SSW Dean Urges Lawmakers to Support Social Work Scholarships
Dean of the University of Maryland School of Social Work (SSW) Richard P. Barth, PhD, MSW, capped the
School's 2014 Advocacy Day in Annapolis by testifying on behalf of a
bill before the House Ways and Means Committee. A group of SSW students
was in the crowded hearing room on March 5 as Barth advocated creation
of a "much-needed" Ruth M. Kirk Public Social Work Scholarship to
increase public support available to social work students.
House Bill 1222 would create a scholarship for bachelor's and master's
level social work students who would, in turn, commit themselves to a
period of public service that is likely to extend for their entire
careers. The bill was introduced by Del. Keith Haynes, JD, MPA, of
Baltimore's 44th District, who appeared with Barth and Aline Kirk
Watson, daughter of the late Del. Kirk, a community advocate who had
previously represented Baltimore's 44th District.
In the photo above, Watson, left, is shown with Haynes; Judy Kirk
Price, who is also a daughter of the late Del. Kirk; and Barth, far
right. Ruth M. Kirk, who served for 28 years as a delegate from West Baltimore,
died in 2011.
"Although the state of Maryland and social work programs, specifically,
have endeavored to keep tuition and fees low, the costs are still
significant for students and their families," said Barth, calling the
bill "an important proposal to increase support available to social
work students like those here today who by the time they graduate from
a master's program in social work typically have debt from their UM SSW
education in excess of $50,000."
Earlier a larger group of SSW students shadowed or heard from
legislators, including Sen. Catherine E. Pugh, MBA, of Maryland's 40th
District and Del. Mary L. Washington, PhD, MA, of the 43rd District
in Baltimore. Washington urged the group to be attuned to the needs of
their communities and to find ways to advocate on their behalf.

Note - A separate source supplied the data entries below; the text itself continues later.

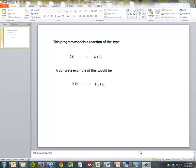Okay, I wanted to show you this little program that models kinetics so you can see the difference in plots and which are linear and which are not. As I've indicated here, this program models a reaction of the type 2X gives A plus B.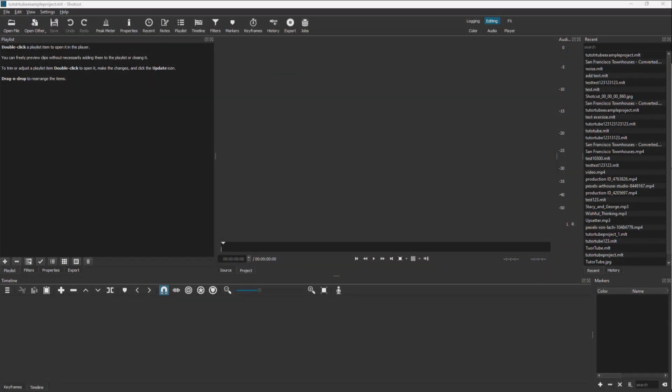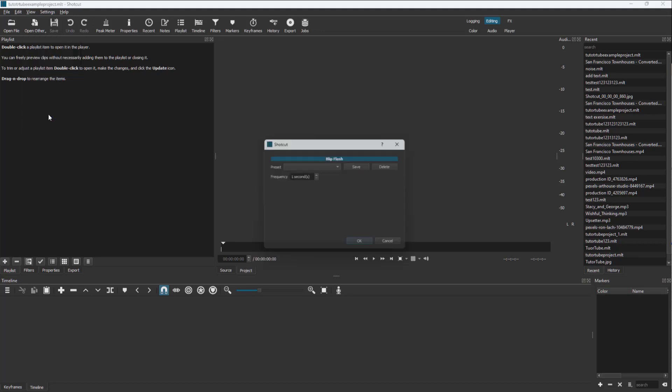You can also work around and generate blip flash inside of Shortcut. To do that, you need to click on Open Other, and over here you can see blip flash is an option.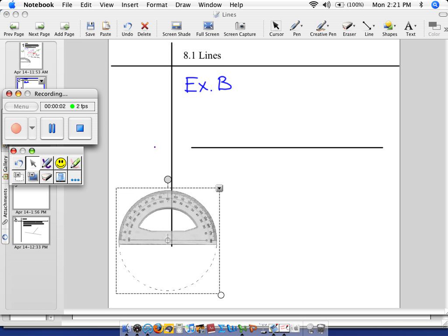We got a question. Avery, how many degrees are in the line? I'm so glad you asked. In Example B, we're going to show you that.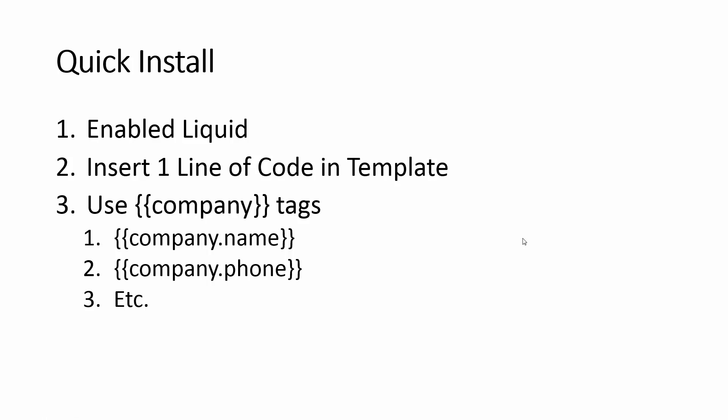Now as a developer, the installation is really simple. Once you have the app installed, you're going to need to make sure that Liquid is enabled. You're going to insert one line of code into your template and then you're just going to use company tags to output that information.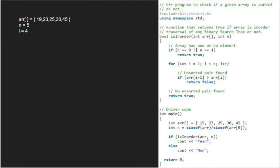So, the value returned to the main function will be true and output will be yes. This array represents inorder of a binary search tree.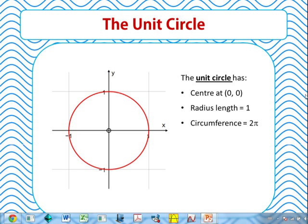Let's go back to basics with the trigonometric functions, or the circular functions. Despite what you may have learned in years 9 or 10, the trigonometric functions come from the unit circle. The unit circle is a particular circle with a centre at (0, 0), a radius length of 1, and hence a circumference of 2π units. This unit circle is where we define our trigonometric functions: sin, cos and tan.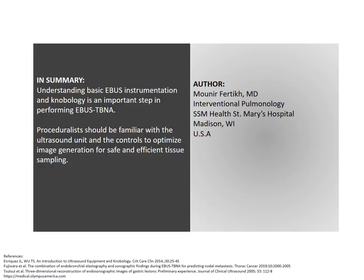In summary, understanding basic EBUS instrumentation and knobology is an important step in performing EBUS TBNA. Proceduralists should be familiar with the ultrasound unit and the controls to optimize image generation for safe and efficient tissue sampling.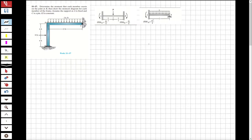Hi guys, welcome to my channel. In this video we are going to analyze a question about structural analysis. This frame will be analyzed using the slope deflection method. Let's solve the question.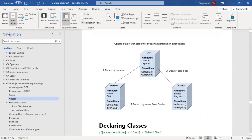Now, how do we declare classes? We understand that a class is one of the types — it is a custom type, a user-defined type. The framework already provides various built-in types like integer, boolean, and string. Similarly, a class is going to be one of the types. This is a user-defined type that we define ourselves.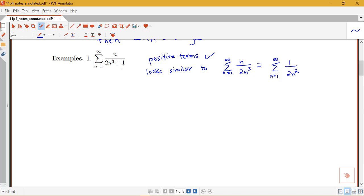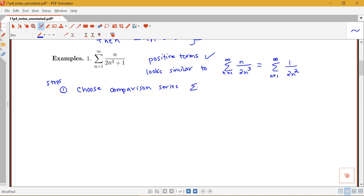So we see something with a fraction like this — n to a power over some kind of sum of powers of n — and we're going to try to use the comparison test. The first thing is always to choose the series we want to compare to. We're going to choose the comparison series: the sum of b_n, and here I'm going to choose the sum from n=1 to infinity of 1 over 2n². Let's think of the original sum as the sum of a_n.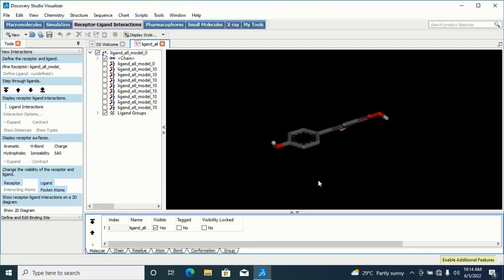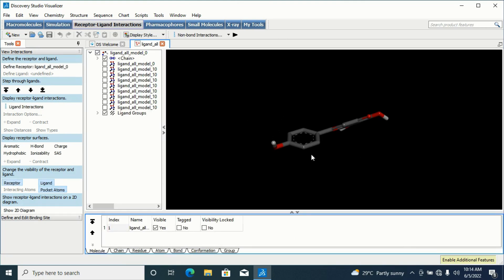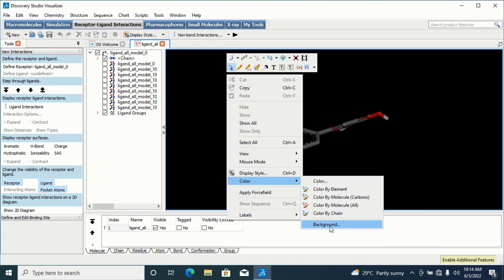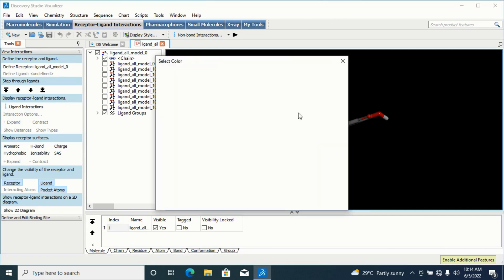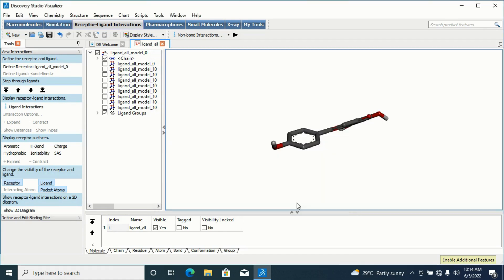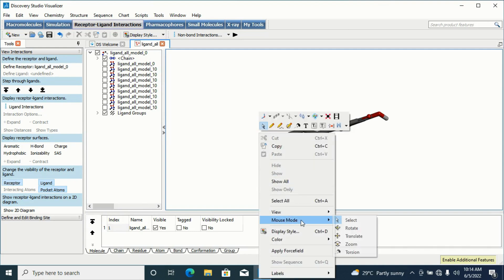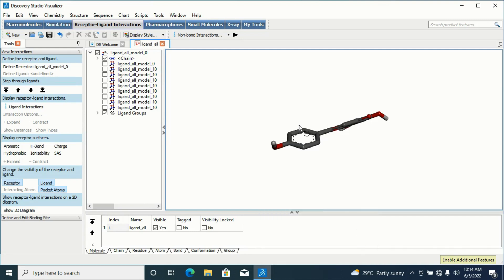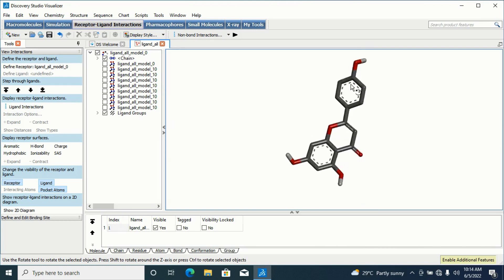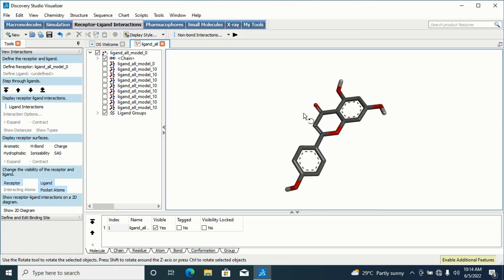My results have opened. Let me quickly change the background to white for clearer visualization. I'll change this to white, and then I'll change my mouse mode to Rotate so I can easily rotate my ligand. This is what I have.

University of Maryland, Baltimore (UMB)
President Jay A. Perman, MD,
met with the 40 SSW students during their activities, which were
overseen by Michael Reisch, PhD, MSW,
MA, the Daniel Thursz Distinguished Professor of Social Justice.
"Each year, the School of Social Work brings several dozen students to
Annapolis to learn about the legislative process and to begin to
acquire the skills involved in policy advocacy. These vital
skills help them fulfill the profession's ethical commitment to social
justice and meet the needs of the people and communities with whom we
work," Reisch said.
As with other schools at UMB, advocacy activities are organized in
cooperation with the University's Office of
Government and Community Affairs, which enlists lawmakers to host
individual students during the morning. Haynes was among those
who allowed an SSW student to shadow him, a way to better experience
the work of the Maryland General Assembly.

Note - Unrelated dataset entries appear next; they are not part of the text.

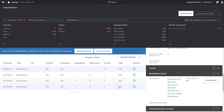When the patching process is complete, there are two ways to confirm that it was successfully installed. The Installed Patches Falcon Console link will take you to a page within Spotlight, where you can check to see if the patch was successfully installed on that host.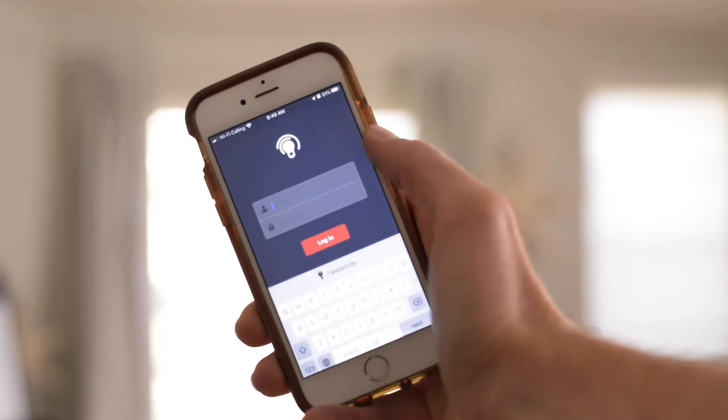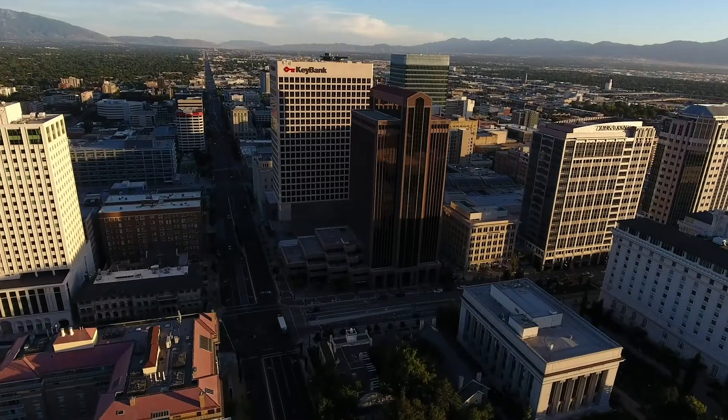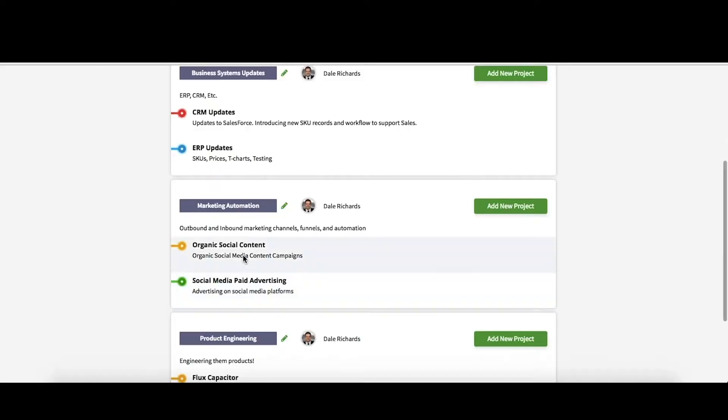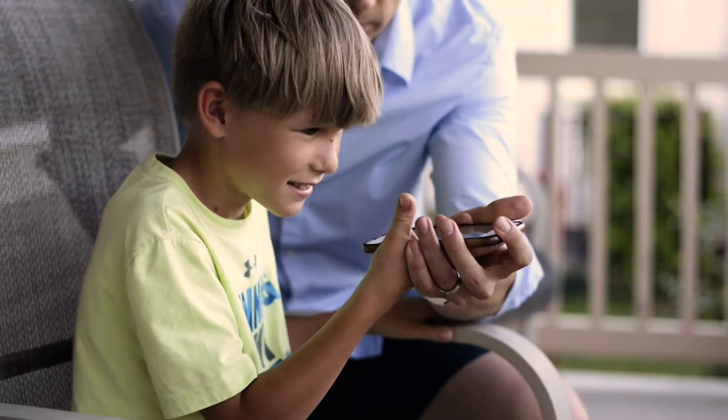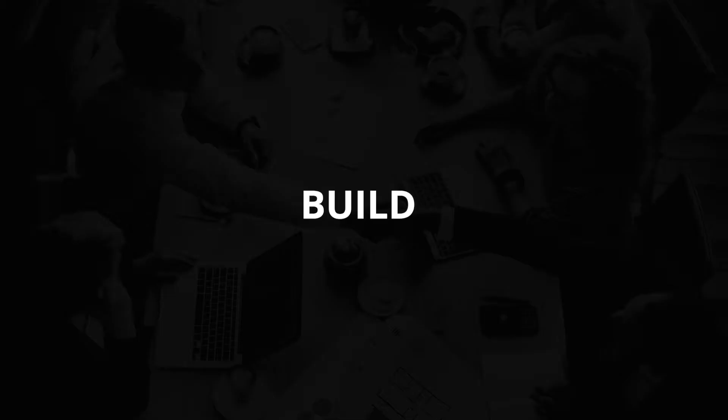My name is Dale Richards. I'm a software product innovator in Salt Lake City, Utah, and I love building software that changes the world. I've made products before from scratch for my own business and also for clients.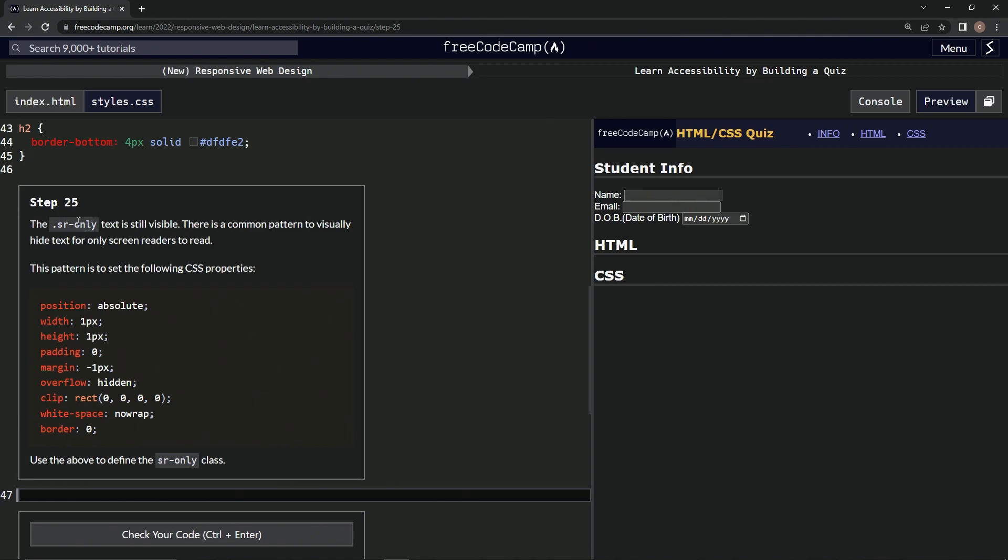So the SR only text is still visible. There's a common pattern to visually hide text for only screen readers to read. This pattern is set to the following CSS properties.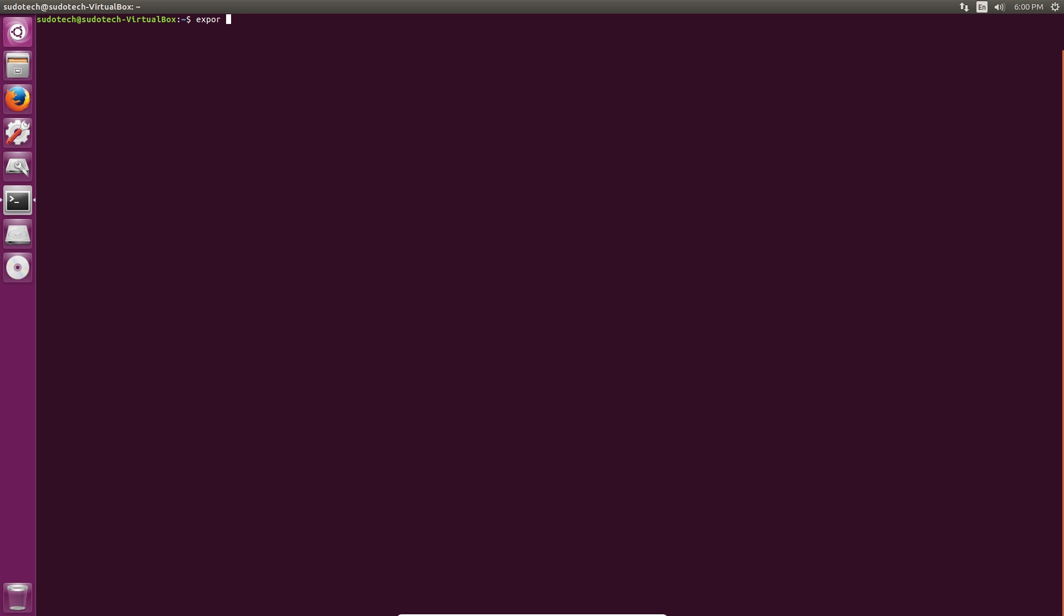First, export the LFS variable with export lfs equals slash mount slash lfs. As you can see in the video I do echo then the dollar sign lfs to make sure that it's set correctly.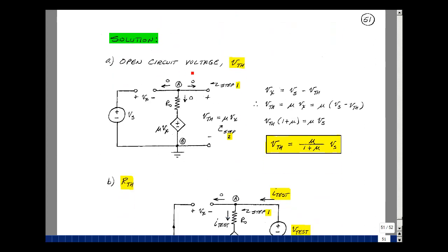Let's first find the open circuit voltage, in other words V_Thevenin. The first step is to remove the load — there actually wasn't one here, so we're just going to leave that as an open circuit. The current in an open circuit is zero, and there's a second open circuit here, so there's no current there either. If we sum the currents at this node, what's entering must equal what's leaving — both are zero.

If Haynes' proposal, HB 1222, were to pass, the benefits will extend
well beyond reducing the debt burden for individuals, Barth testified.

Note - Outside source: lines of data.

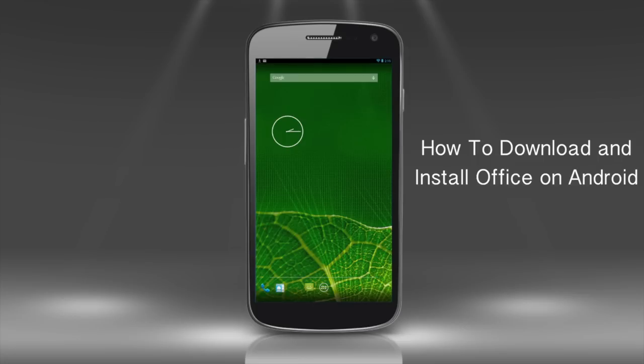Unfortunately, such an app does not exist. But the methods of working with text files on your Android that we'll show you in this tutorial match the capabilities of the MS Office app pretty closely.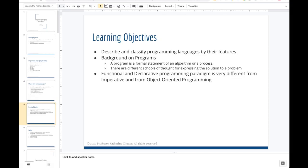I'd like to describe and classify programming languages by their features. For this class, I want to focus on functional and declarative programming because a lot of web technologies are declarative in nature — you're describing what should happen as opposed to how things should happen. This is a very different thinking style than object-oriented programming, and it's a good way to get your minds ready before the web development material.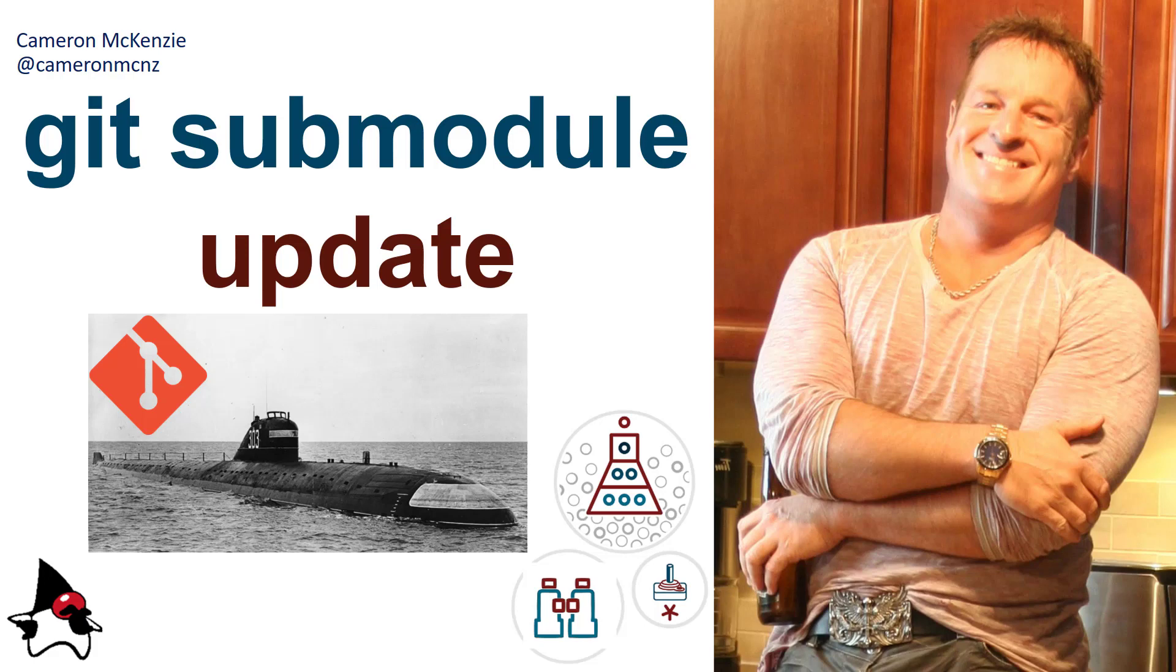Hey, I'm Cameron McKenzie. I'm the Editor-in-Chief over at theserverside.com, and you can follow me on Twitter at CameronMCNZ. In this particular tutorial, I want to talk to you about how the Git submodule update works, and how a parent module links to a particular commit in a submodule.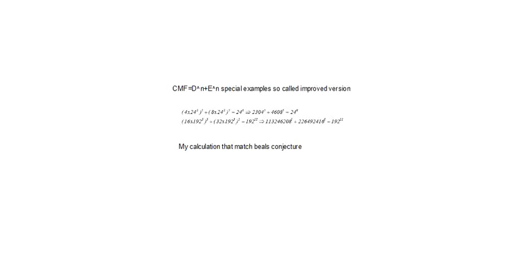Hello YouTubers, my name is Dargo Levenich, and once again a common multiple factor that matches Bill's conjecture number C, the so-called improved version.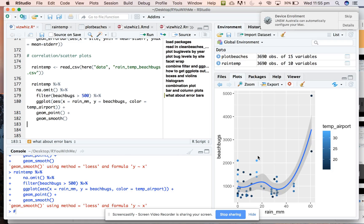That's how you can look at correlations between two continuous variables in your data set, and you can use geom_smooth to plot a best-fit line through that data.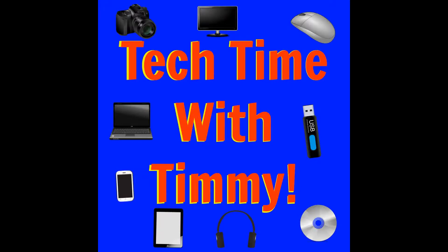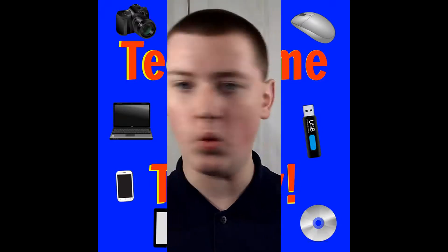It's time for Tech Time with Timmy. Welcome to Tech Time with Timmy. In this episode, Timmy's going to be talking about how to restore revisions in Google Docs, Google Sheets, or Google Slides.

"The Affordable Care Act, the growing number of veterans with
complicated behavioral health concerns, and the expansion of federally
qualified health and behavioral health programs all call for an
expanding number of social workers to provide preventive and
intervention mental health, substance abuse, aging, and employment
assistance services," he said.
"Recent estimates from the Health Resources and Services Administration
suggest that the nation may be short 15,000 social workers in the next
decade," he said. "Marylanders will need their share."
Barth also clarified, under questioning from Del. Melvin L. Stukes
of the 44th District, that these numbers were only for social
workers providing clinical behavioral health services. If social
workers involved in the growing sectors of school social work and early
childhood services were also included, the need would be much greater.